Weaver was struggling mightily with the Padres this year, going 0-5 in nine starts and posting a 7.44 ERA,, a 2.6 BB/9 and 4.9 K/9 ratio over 42.1 innings. He hadn’t posted a sub-4.00 ERA since 2014 and his velocity had, quite famously, sunk into the low 80s and even high 70s at times in recent seasons. A spate of physical setbacks contributed to that, with a hip inflammation ailing him this season and nerve issues in his neck and back afflicting him for the past few years.

But even if his recent seasons have been less-than-memorable, it’s worth remembering that he was, for a time, one of baseball’s best pitchers. He posted a record of 131-69 with a 3.28 ERA in his first 9 seasons, leading the American League in strikeouts in 2010 and leading the circuit in wins in 2012 and 2014. He likewise led the league in WHIP and hits allowed per nine innings in 2012.

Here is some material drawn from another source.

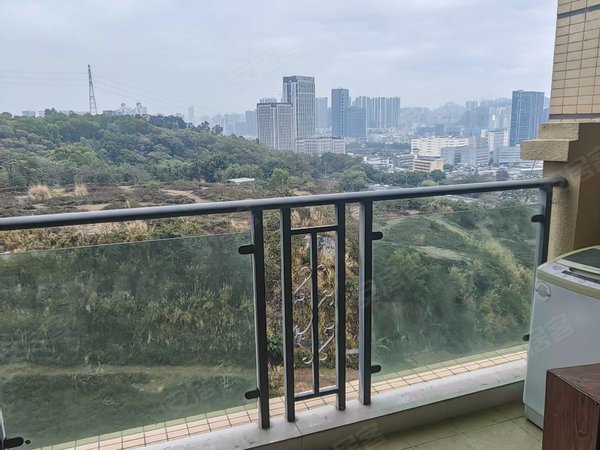 【多图】银湖半山,红岗花园租房,南北通透,大客厅,大卧室,罗湖租房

He finishes his career with a record of 150-98, an ERA of 3.63 (ERA+ of 111) and a K/BB ratio of 1,621/551 in 2,067.1 innings. He pitched in four American League Division Series and the 2009 ALCS, posting a 2.67 ERA in seven playoff games pitched.

Happy trails, Jered. A first-ballot induction into the Hall of He Was Really Dang Good, Even if We Forgot About It For A While is in your future.